━━ THE DATA
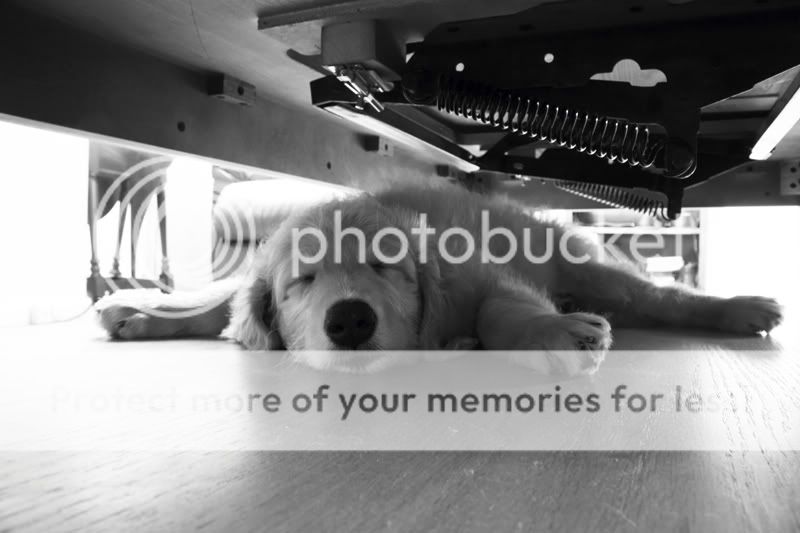 IMAGE: http://i468.photobucket.com/albums/rr45/nohax0/my%20dog%20porter/porterundertablesmaller.jpg
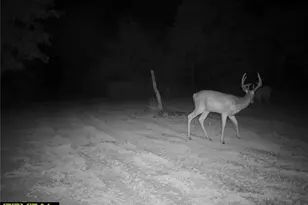 2 Whitetail Rdg Rd, Eolia, MO 63344 - Photo 49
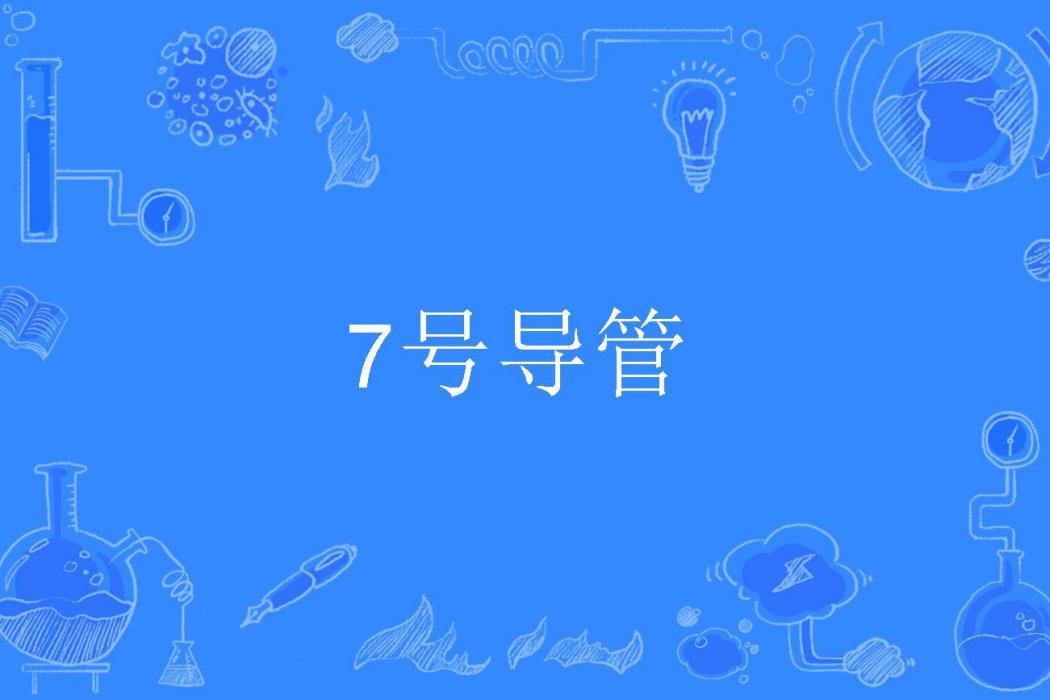 7號導管 7號導管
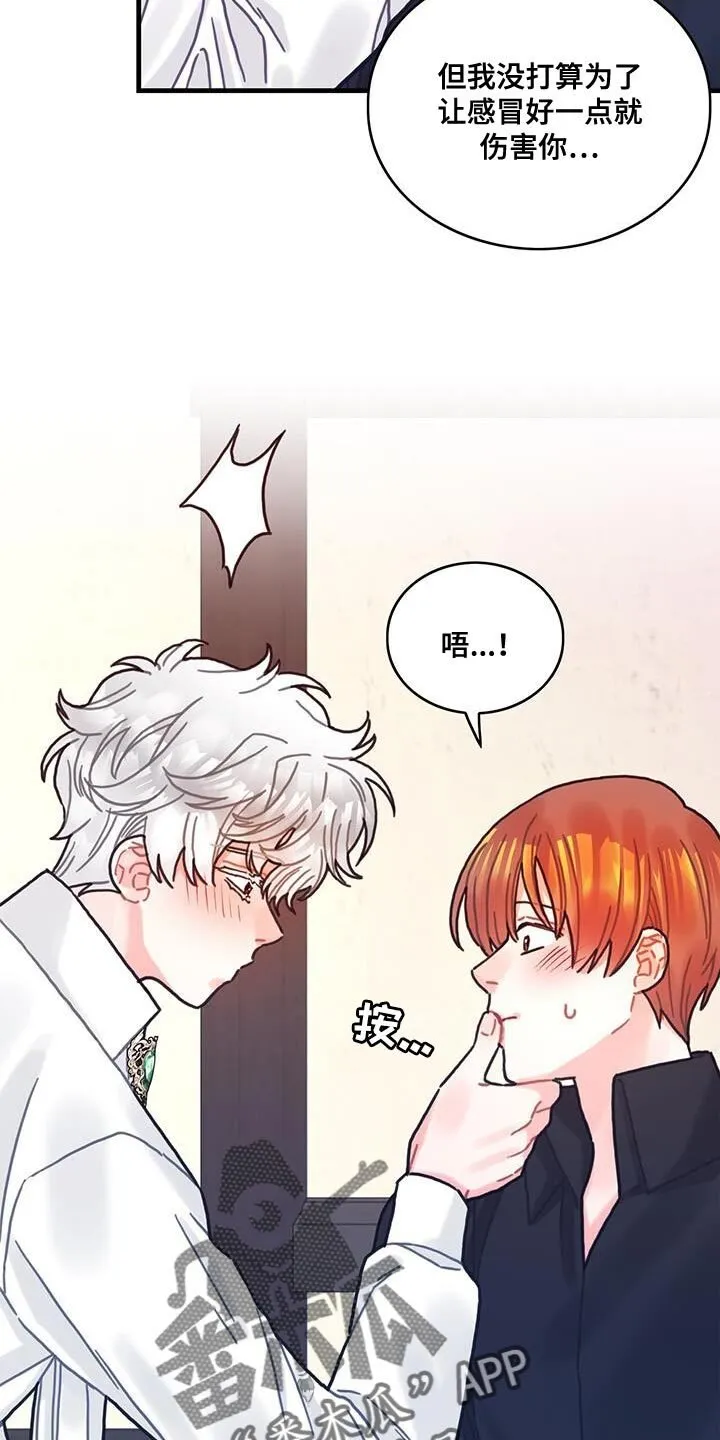 第143章：【第二季】温柔的眼神 第13页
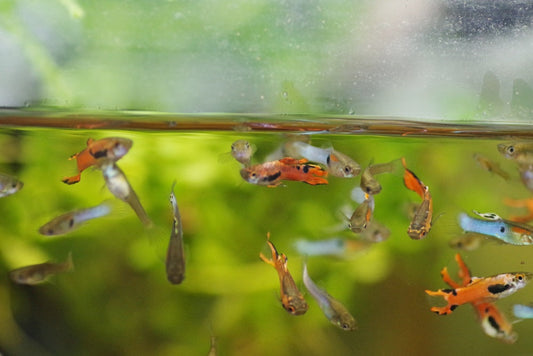 【初心者向け】これだけは押さえておくべし！プロが教える熱帯魚飼育の7つのコツ！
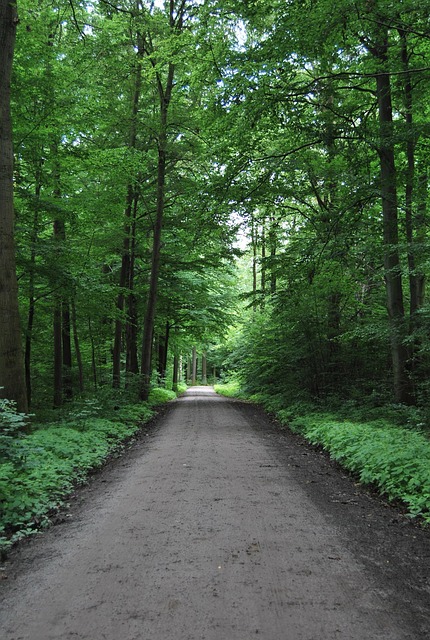 Skov, Jeg Går, Natur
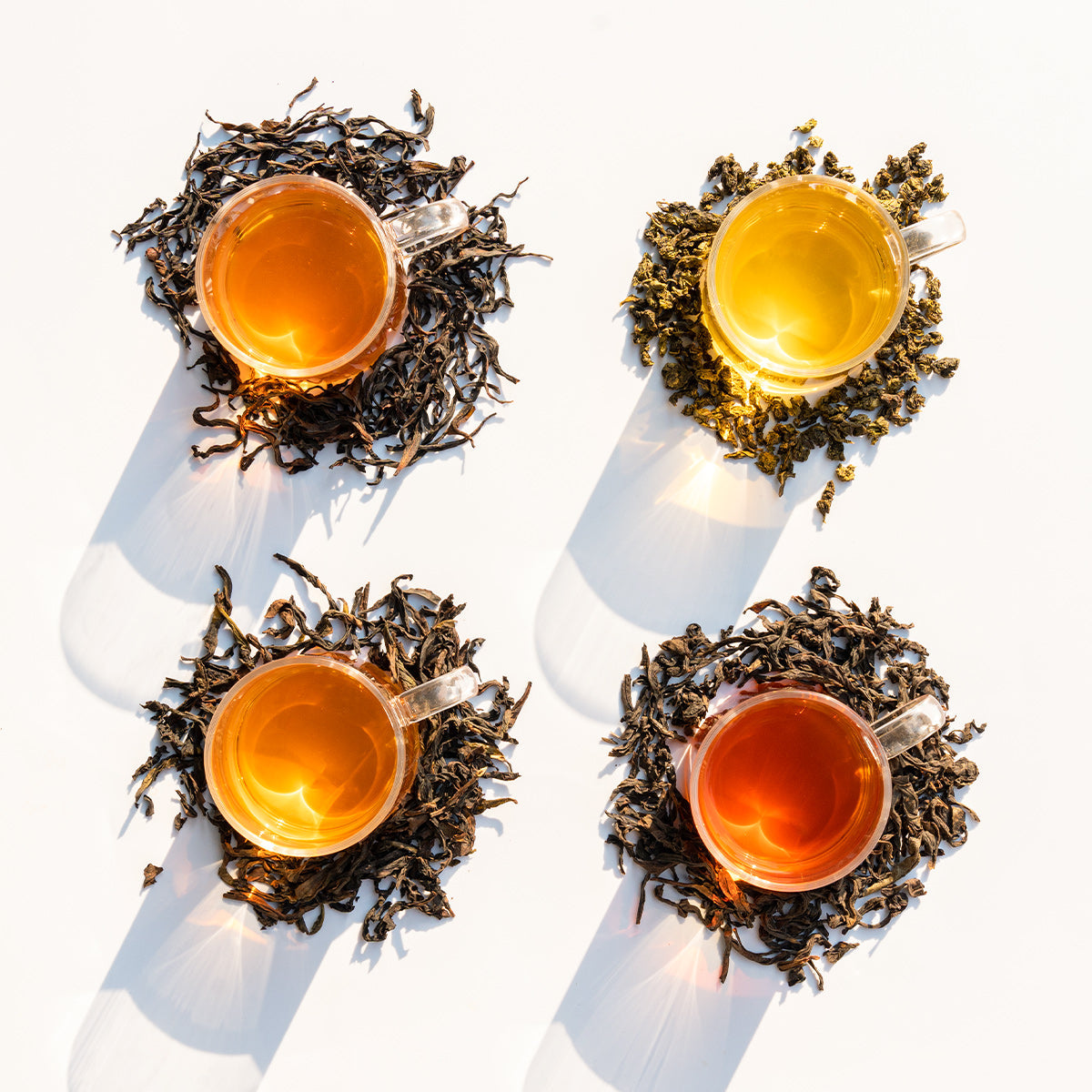 Oolong Tea Sampler – 4 Varieties for Beginners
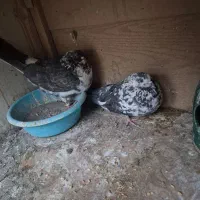 کبوتر فروشی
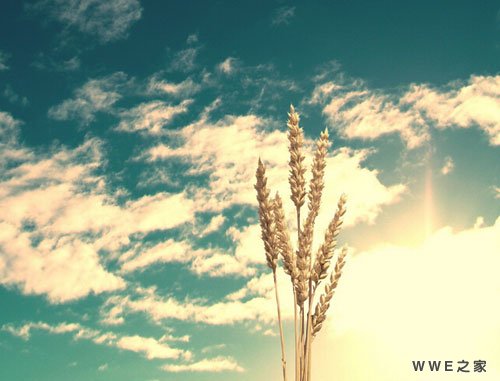 带依字的唯美可爱女生网名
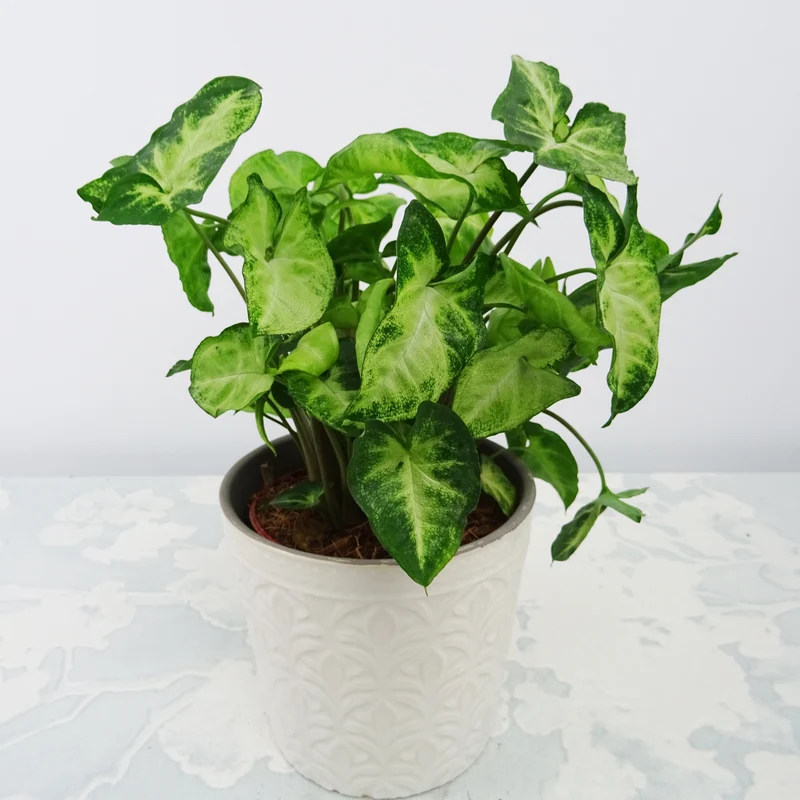 Syngonium Pixie et son cache-pot blanc ELHO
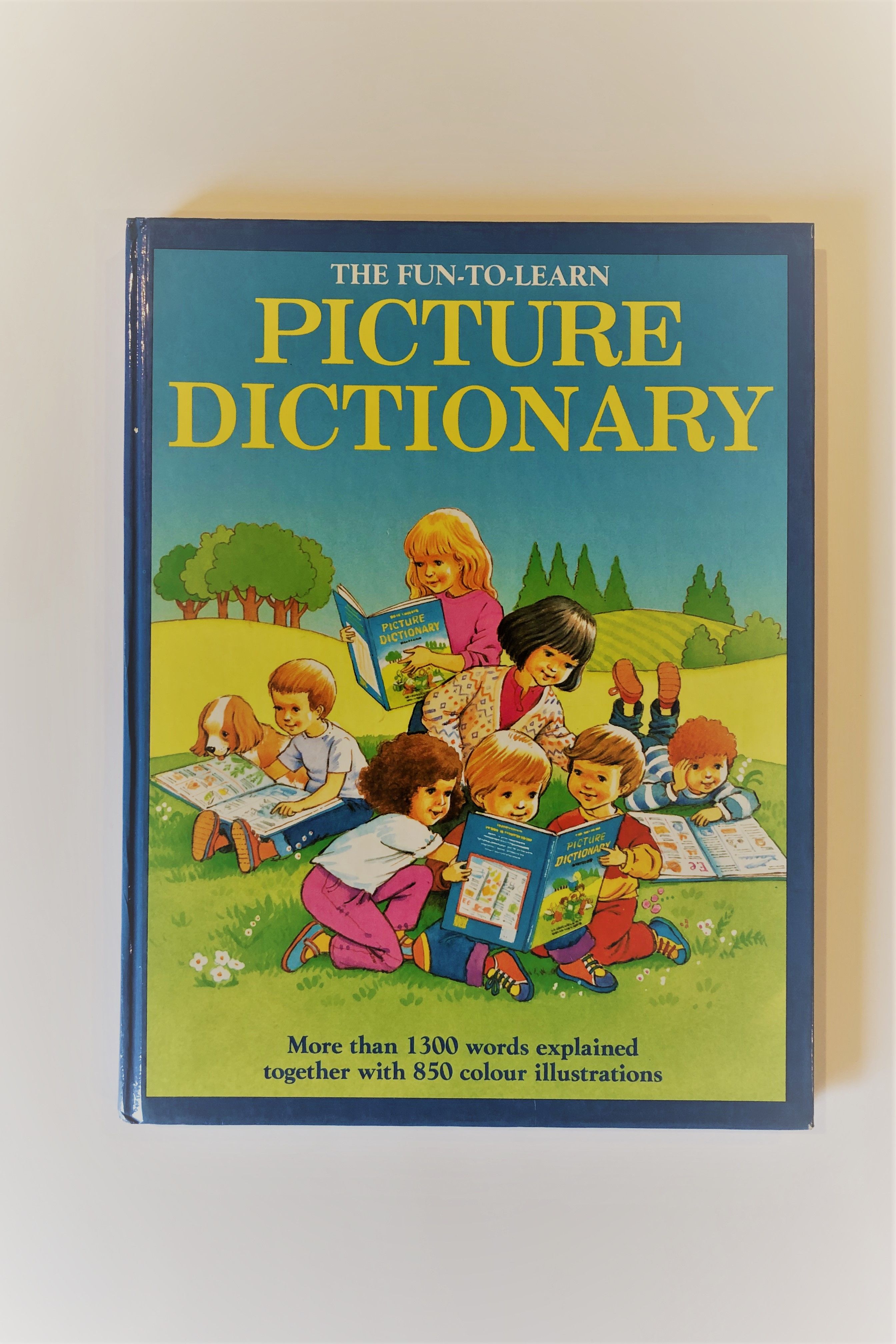 The Fun to Learn Picture Dictionary by McKie, Anne | Binding is in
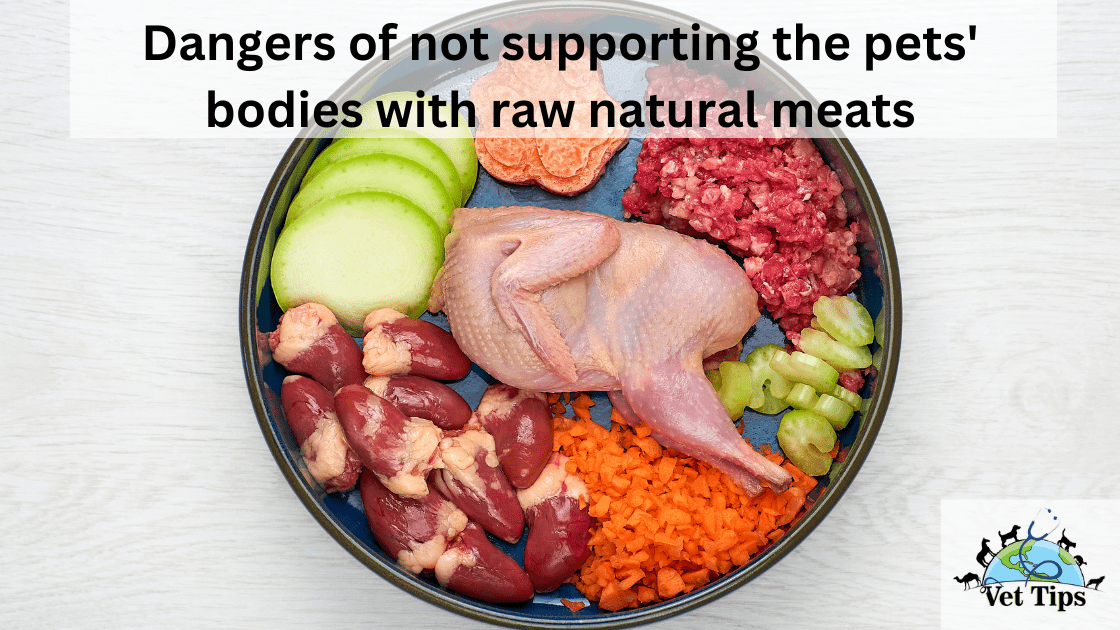 Dangers of Not Supporting the Pets’ Bodies With Raw Natural Meats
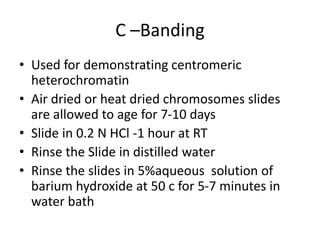C –Banding
• Used for demonstrating centromeric
heterochromatin
• Air dried or heat dried chromosomes slides
are allowed to age for 7-10 days
• Slide in 0.2 N HCl -1 hour at RT
• Rinse the Slide in distilled water
• Rinse the slides in 5%aqueous solution of
barium hydroxide at 50 c for 5-7 minutes in
water bath
 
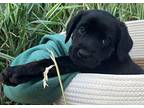Logan $475 (Application Pending) Labrador Retriever Puppy Male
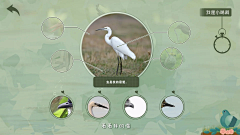 汉堡里的生菜采集到UI界面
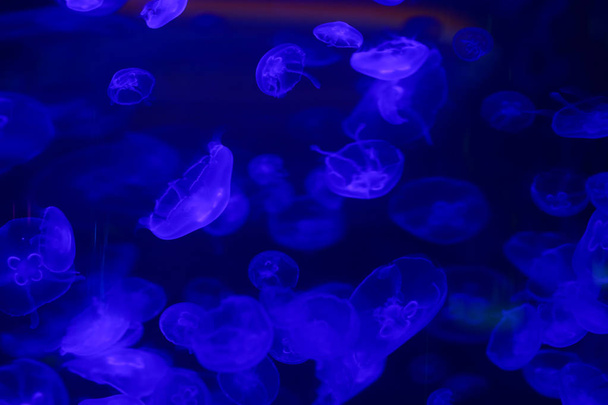 Kaunis meduusa, medusa neonvalossa kalojen kanssa. Vedenalaista elämää meren meduusoissa. jännittävä ja kosminen näky
 - Valokuva, kuva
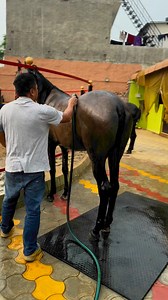 Horses bathing bathing #Horses# @Stallion | Gautam Joshi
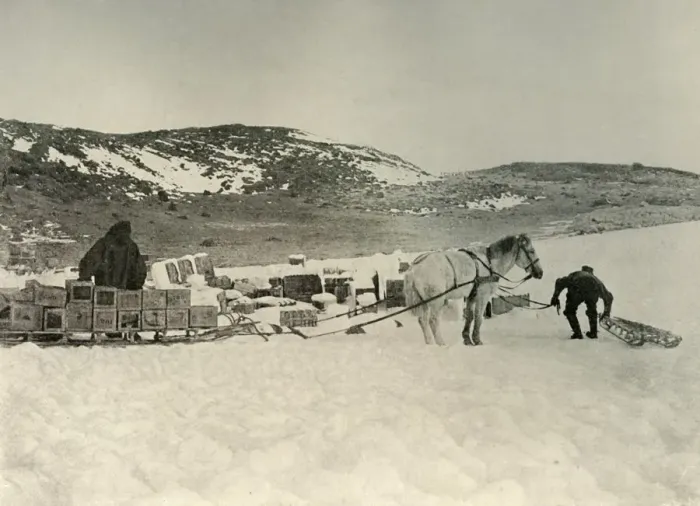 Framed Print : The Pont Quan About To Draw A Sledge Load of Stores, c1908, (1909) Framed Print : The Pont Quan About To Draw A Sledge Load of Stores, c1908, (1909)
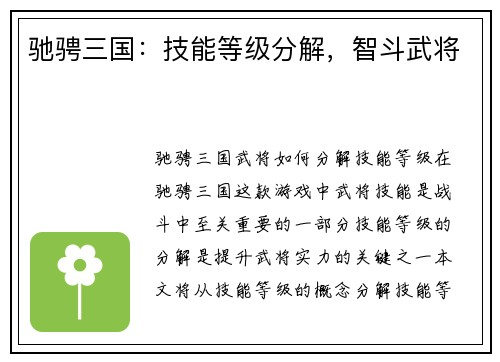 驰骋三国：技能等级分解，智斗武将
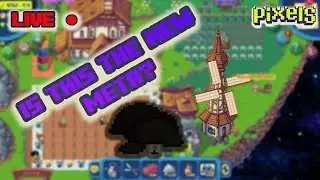 Live: Let's talk about the current META| Pixels Online?
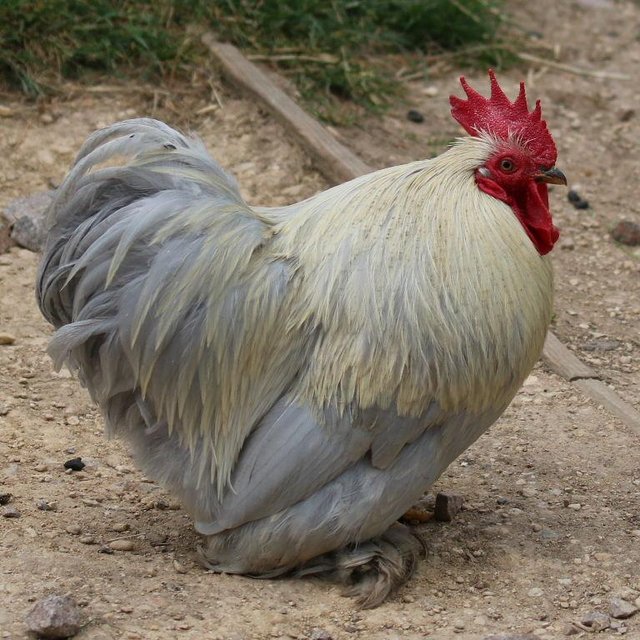 Preview of the first image of Lavender bantam cockerel free to good home..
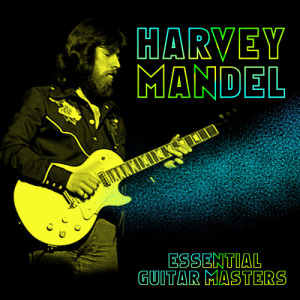 收聽Harvey Mandel的What Comes Around Goes Around歌詞歌曲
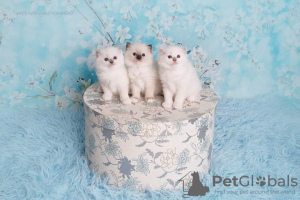 Photo №3. Ragdoll PET or for breeding. Poland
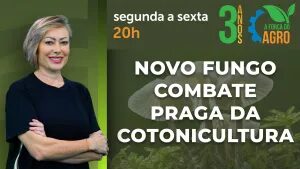 A Força do Agro #828: assista ao programa de 17/9/2026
━━━━
### TASK BRIEF
In the listing above, find the line containing "2 Whitetail Rdg" and the line containing "in distilled water", then write out both of them and every line between, exactly, with no pictures.

### ANSWER SPACE
 2 Whitetail Rdg Rd, Eolia, MO 63344 - Photo 49
 7號導管 7號導管
 第143章：【第二季】温柔的眼神 第13页
 【初心者向け】これだけは押さえておくべし！プロが教える熱帯魚飼育の7つのコツ！
 Skov, Jeg Går, Natur
 Oolong Tea Sampler – 4 Varieties for Beginners
 کبوتر فروشی
 带依字的唯美可爱女生网名
 Syngonium Pixie et son cache-pot blanc ELHO
 The Fun to Learn Picture Dictionary by McKie, Anne | Binding is in
 Dangers of Not Supporting the Pets’ Bodies With Raw Natural Meats
C –Banding
• Used for demonstrating centromeric
heterochromatin
• Air dried or heat dried chromosomes slides
are allowed to age for 7-10 days
• Slide in 0.2 N HCl -1 hour at RT
• Rinse the Slide in distilled water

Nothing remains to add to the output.